Recently, someone asked our community what the life cycle of a user story is and how it differs from that of Epics, Features and Themes. I want to share my reflection on the subject.
The first question that popped in my mind was: “Are Product Backlog Items (PBIs) created equal?”
PBIs represent work to be done on a product and document the value of that work. Although the way work is described may change, they all follow the same cycle:
The “how” of each of these steps is defined by each team and will most likely differ based on the type of product backlog item. Epics, Features and Themes are all potential PBIs following the same steps.
This step is where ideas are generated and documented. They can come from a variety of sources including ideation workshops, direct customer feedback, support, stakeholders, competitors, etc.
A large portion of captured ideas never make it to the Refinement step. They are usually evaluated negatively against expected outcomes and are simply removed. Ideas that are kept are turned into PBIs.
My first Product Backlog contained 2,000 PBIs. I could not cope with the idea of removing any ideas. I thought the Product Backlog was the place to document all ideas. Needless to say that keeping such a Product Backlog ordered and highly visible was an impossible task.
If it’s older than six months, reconsider its place. If it is important, it will come back.
Regrouping PBIs in Themes, Epics, or Features is a great idea to keep your backlog tidy and understandable. Like any other PBI, the value of doing the work is documented. The trick is that sometimes all PBIs linked to such a group are junked (yep, junked!) The reason is simple: by the time you start refining a Theme / Epic / Feature, many things may have changed and you may have learned more on the subject. When time comes, you will refine it and generate more relevant ideas.
The objective of refinement is to better understand work coming up and to ensure that each item is as small as possible. The benefits of having small items include a faster learning cycle, easier to estimate work effort and faster value delivery.
Refinement activities include breaking down big items, detailing the small ones and often include evaluating work effort involved. The part that interests us here is “breaking down big items”.
During the refinement activities, the product development team, often aided by stakeholders, work to split big items and explore Epics, Themes and Features. The result of the activity should be a new set of PBIs that we think are needed to achieve the value of the big PBI. Then we discard the big item. The reason is simple: if we don’t remove them, we will end up with dependencies and duplicates inside the Product Backlog, thus creating confusion.
As a Product Owner, I used to keep my Epics and Features in order to track work progress. After a few months, I ended up with six in-progress Epics and I had to track dependencies for each of them. It simply added more work and it told me I was pretty bad at splitting work.
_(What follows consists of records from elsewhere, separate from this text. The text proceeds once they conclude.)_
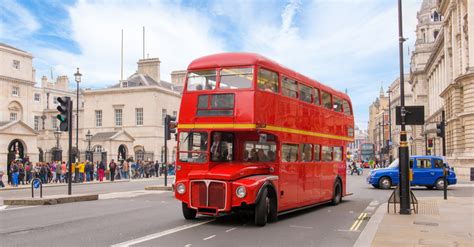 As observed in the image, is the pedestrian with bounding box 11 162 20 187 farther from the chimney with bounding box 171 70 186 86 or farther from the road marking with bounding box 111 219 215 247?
the chimney with bounding box 171 70 186 86

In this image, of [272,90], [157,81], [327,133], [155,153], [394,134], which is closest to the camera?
[272,90]

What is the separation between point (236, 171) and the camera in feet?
38.8

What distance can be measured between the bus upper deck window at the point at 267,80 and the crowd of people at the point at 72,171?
2180 cm

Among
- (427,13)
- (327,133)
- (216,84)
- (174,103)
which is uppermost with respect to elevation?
(427,13)

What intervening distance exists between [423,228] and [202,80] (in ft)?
21.0

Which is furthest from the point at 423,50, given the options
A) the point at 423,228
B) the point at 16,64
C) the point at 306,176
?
the point at 423,228

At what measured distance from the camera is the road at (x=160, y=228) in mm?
9781

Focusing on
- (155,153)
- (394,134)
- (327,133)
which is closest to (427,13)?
(394,134)

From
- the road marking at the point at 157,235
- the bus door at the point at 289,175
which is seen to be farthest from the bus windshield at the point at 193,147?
the bus door at the point at 289,175

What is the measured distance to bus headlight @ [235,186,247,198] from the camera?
11469 mm

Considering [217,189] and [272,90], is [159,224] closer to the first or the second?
[217,189]

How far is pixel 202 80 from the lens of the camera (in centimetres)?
1271

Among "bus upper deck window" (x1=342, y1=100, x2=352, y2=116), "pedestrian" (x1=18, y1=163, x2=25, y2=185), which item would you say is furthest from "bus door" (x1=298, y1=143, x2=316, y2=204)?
"pedestrian" (x1=18, y1=163, x2=25, y2=185)

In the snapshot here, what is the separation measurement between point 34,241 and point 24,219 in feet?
12.9
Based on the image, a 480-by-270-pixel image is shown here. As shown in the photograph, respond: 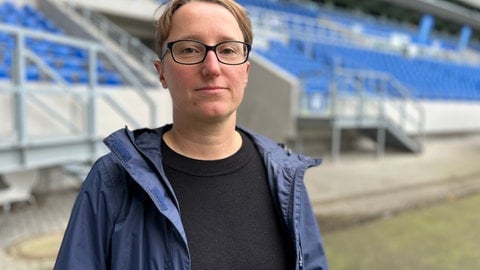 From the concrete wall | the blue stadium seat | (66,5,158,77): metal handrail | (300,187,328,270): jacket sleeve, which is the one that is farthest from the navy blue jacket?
the concrete wall

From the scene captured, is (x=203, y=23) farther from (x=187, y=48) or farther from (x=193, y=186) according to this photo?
(x=193, y=186)

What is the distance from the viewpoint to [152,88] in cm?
602

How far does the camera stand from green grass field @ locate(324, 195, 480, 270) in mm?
3396

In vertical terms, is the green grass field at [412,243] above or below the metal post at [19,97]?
below

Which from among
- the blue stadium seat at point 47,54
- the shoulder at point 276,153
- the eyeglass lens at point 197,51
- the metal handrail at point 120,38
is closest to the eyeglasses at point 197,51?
the eyeglass lens at point 197,51

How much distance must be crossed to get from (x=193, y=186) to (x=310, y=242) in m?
0.45

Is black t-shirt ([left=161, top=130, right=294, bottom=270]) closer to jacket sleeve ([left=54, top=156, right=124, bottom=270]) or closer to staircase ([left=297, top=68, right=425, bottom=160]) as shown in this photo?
jacket sleeve ([left=54, top=156, right=124, bottom=270])

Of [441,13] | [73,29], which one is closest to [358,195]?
[73,29]

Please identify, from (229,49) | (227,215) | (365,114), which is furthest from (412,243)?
(365,114)

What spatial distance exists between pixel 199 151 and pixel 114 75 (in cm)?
516

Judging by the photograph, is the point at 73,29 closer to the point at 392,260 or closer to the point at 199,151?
the point at 392,260

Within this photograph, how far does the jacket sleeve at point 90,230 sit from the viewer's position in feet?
3.29

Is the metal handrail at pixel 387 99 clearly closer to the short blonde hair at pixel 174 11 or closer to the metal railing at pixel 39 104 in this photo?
the metal railing at pixel 39 104

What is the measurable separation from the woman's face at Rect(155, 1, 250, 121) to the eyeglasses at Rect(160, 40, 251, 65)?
0.04ft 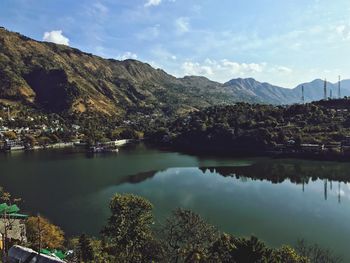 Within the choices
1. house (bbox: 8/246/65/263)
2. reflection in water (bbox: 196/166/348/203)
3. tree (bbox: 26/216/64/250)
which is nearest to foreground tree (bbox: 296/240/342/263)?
tree (bbox: 26/216/64/250)

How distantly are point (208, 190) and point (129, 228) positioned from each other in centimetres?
3717

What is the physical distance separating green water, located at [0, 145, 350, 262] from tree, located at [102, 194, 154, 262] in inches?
448

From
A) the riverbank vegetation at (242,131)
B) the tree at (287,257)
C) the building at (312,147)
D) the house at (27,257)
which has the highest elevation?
the riverbank vegetation at (242,131)

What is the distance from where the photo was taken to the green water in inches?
1833

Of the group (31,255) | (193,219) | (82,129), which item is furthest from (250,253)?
(82,129)

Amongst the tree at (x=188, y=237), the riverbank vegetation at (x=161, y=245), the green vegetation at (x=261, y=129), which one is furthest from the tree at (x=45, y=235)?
the green vegetation at (x=261, y=129)

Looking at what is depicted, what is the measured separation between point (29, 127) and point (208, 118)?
234 ft

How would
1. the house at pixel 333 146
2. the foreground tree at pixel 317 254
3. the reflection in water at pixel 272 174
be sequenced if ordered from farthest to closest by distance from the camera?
the house at pixel 333 146 → the reflection in water at pixel 272 174 → the foreground tree at pixel 317 254

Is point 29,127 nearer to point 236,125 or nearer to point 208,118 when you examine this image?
point 208,118

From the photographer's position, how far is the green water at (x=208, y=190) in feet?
153

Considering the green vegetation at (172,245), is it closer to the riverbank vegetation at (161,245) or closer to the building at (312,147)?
the riverbank vegetation at (161,245)

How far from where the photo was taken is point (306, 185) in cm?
7225

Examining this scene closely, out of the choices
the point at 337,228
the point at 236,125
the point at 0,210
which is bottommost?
the point at 337,228

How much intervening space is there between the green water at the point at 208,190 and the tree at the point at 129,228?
37.3 ft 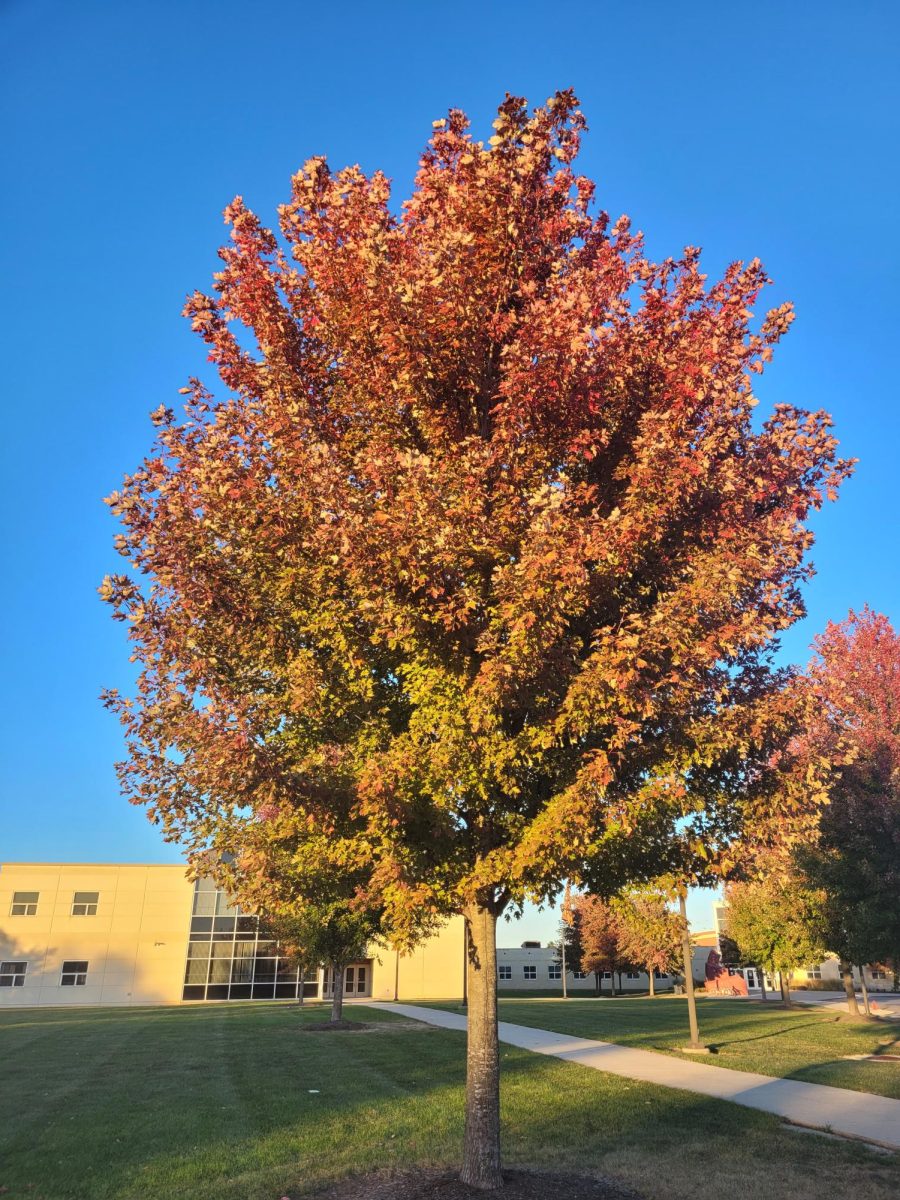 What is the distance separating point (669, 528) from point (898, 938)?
15.2 m

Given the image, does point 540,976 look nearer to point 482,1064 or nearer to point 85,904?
point 85,904

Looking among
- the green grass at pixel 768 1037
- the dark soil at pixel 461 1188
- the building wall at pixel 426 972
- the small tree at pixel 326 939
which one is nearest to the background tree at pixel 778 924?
the green grass at pixel 768 1037

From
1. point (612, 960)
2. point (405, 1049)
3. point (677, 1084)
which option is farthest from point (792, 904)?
point (612, 960)

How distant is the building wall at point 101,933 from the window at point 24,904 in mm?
249

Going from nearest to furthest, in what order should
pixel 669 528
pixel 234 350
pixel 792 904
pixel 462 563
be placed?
pixel 462 563 < pixel 669 528 < pixel 234 350 < pixel 792 904

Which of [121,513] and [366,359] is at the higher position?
[366,359]

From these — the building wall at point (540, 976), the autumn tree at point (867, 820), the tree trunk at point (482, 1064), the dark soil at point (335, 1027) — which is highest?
the autumn tree at point (867, 820)

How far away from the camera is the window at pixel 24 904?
2162 inches

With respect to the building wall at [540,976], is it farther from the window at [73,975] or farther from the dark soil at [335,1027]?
the dark soil at [335,1027]

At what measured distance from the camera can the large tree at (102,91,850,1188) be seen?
6121mm

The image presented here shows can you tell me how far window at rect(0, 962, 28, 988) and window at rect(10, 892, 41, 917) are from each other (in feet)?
10.2

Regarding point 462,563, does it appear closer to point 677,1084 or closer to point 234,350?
point 234,350

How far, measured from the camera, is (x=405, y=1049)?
20125 mm

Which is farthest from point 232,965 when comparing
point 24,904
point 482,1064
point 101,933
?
point 482,1064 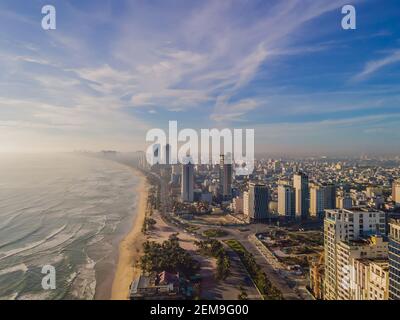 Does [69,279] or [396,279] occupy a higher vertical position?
[396,279]

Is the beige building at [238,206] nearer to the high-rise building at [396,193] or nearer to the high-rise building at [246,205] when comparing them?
the high-rise building at [246,205]

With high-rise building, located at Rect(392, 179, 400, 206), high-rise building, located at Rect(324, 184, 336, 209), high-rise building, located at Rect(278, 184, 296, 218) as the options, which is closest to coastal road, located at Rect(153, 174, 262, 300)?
high-rise building, located at Rect(278, 184, 296, 218)

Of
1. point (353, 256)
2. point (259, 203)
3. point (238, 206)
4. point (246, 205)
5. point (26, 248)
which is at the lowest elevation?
point (26, 248)

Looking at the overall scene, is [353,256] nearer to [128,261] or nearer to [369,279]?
[369,279]

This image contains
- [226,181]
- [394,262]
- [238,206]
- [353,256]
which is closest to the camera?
[394,262]

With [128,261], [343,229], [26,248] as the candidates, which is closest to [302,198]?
[128,261] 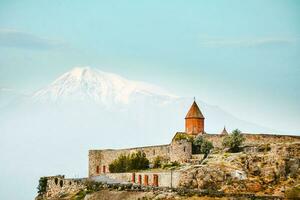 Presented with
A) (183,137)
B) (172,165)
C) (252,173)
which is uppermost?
(183,137)

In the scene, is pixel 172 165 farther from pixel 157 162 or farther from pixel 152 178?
pixel 157 162

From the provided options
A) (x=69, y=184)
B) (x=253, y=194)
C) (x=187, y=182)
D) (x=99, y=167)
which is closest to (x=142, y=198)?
(x=187, y=182)

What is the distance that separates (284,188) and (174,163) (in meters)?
15.5

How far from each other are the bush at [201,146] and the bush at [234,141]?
1554 mm

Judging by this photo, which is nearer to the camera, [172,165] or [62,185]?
[172,165]

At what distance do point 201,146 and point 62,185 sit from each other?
1519 cm

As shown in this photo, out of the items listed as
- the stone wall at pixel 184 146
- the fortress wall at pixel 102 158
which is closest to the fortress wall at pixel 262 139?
the stone wall at pixel 184 146

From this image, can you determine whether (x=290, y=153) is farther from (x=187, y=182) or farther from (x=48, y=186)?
(x=48, y=186)

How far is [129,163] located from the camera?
88.7 meters

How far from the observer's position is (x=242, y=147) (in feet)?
264

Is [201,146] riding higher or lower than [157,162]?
higher

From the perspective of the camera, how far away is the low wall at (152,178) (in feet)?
247

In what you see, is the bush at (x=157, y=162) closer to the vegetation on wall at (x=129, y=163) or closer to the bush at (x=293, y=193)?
the vegetation on wall at (x=129, y=163)

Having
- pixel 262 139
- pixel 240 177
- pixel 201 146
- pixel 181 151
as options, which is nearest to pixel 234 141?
pixel 262 139
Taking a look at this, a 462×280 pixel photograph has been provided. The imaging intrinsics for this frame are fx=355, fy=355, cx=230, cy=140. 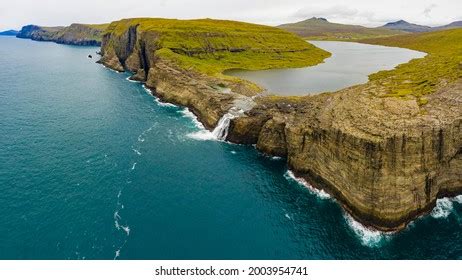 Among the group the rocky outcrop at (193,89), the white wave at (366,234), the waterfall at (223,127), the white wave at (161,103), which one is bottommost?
the white wave at (366,234)

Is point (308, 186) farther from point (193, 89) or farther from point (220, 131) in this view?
point (193, 89)

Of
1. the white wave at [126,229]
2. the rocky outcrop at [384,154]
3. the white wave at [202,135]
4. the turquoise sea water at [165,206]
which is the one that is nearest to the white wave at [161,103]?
the turquoise sea water at [165,206]

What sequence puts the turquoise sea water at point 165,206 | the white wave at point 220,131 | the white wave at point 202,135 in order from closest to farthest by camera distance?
the turquoise sea water at point 165,206 → the white wave at point 220,131 → the white wave at point 202,135

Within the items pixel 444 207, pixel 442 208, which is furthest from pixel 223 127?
pixel 444 207

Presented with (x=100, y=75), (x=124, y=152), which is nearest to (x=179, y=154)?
(x=124, y=152)

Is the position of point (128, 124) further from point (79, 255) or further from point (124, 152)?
point (79, 255)

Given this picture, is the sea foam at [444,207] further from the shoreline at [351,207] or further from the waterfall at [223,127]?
the waterfall at [223,127] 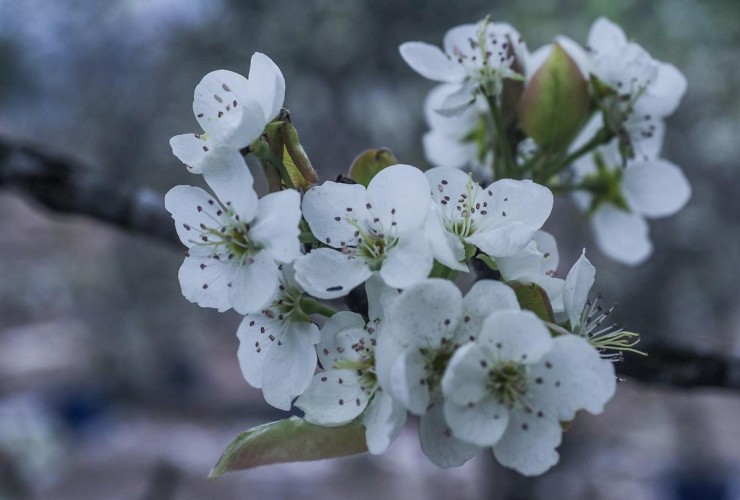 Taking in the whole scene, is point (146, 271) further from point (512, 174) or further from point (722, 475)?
point (512, 174)

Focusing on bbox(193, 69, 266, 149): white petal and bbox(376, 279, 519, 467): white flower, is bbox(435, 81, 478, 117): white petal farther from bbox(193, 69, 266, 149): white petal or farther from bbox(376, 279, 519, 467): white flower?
bbox(376, 279, 519, 467): white flower

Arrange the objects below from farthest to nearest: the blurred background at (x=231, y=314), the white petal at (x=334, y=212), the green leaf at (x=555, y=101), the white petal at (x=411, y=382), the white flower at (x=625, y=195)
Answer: the blurred background at (x=231, y=314) → the white flower at (x=625, y=195) → the green leaf at (x=555, y=101) → the white petal at (x=334, y=212) → the white petal at (x=411, y=382)

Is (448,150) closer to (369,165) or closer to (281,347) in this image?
(369,165)

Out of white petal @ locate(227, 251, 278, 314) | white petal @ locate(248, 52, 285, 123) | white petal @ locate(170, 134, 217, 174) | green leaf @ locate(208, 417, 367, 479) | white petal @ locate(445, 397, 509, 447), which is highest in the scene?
white petal @ locate(248, 52, 285, 123)

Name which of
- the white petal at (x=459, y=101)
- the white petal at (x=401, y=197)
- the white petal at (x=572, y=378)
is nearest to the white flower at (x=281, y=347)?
the white petal at (x=401, y=197)

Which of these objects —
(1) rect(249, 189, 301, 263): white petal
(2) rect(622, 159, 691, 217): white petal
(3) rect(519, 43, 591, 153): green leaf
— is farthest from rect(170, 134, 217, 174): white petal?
(2) rect(622, 159, 691, 217): white petal

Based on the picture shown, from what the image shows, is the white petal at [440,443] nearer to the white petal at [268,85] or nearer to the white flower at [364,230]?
the white flower at [364,230] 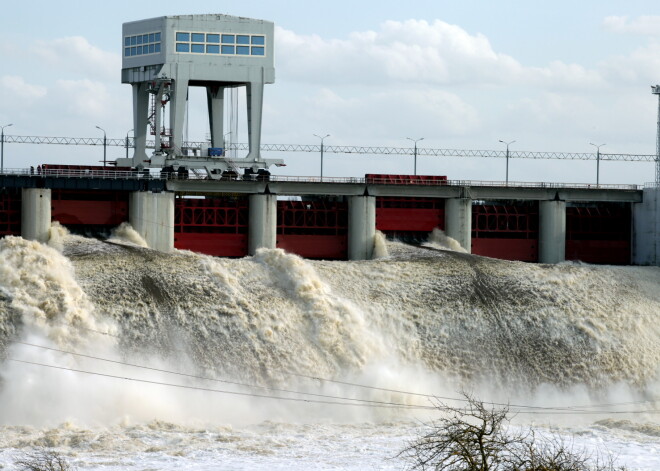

That is when I started to focus on the impact I wanted to generate and finding relevant metrics. I will illustrate this point through a scenario:
Development & Delivery
I have seen many teams that stop tracking their PBIs once the item is set to “Done”, i.e. “Released” or “Ready to be released.” Personally, I like to keep them around until the Validation step as a reminder of our Value assumptions.
I have seen people working tirelessly on products, night and day, never validating their work, never releasing until they thought it was finished. I have seen the death of small businesses and the burning of millions in investment, simply because they feared to fail by showing something too soon.
At this point, each team will find their best way to validate their assumptions. Some teams make Validation a part of their Development & Delivery process. These teams are doing or are on the verge of making continuous delivery. PBIs are then junked once validated.
Other teams either keep their PBIs as hypotheses to validate or aggregate them in larger elements of value. This works well as long as we do not only follow the business impact of the delivery. Most importantly, we need to validate the Value to our users.
In my Email scenario above, it could be tempting to validate “Are our users staying in the platform after the release of the Email feature?” That’s assuming that we know ahead of time what the feature will do and look like… which is arguably never the case. We need to validate that we deliver value to our assumed user for each Write, Send and Read PBIs.
With that in mind, let’s conclude that keeping PBIs until they are validated could be a nice way to complete their life cycle.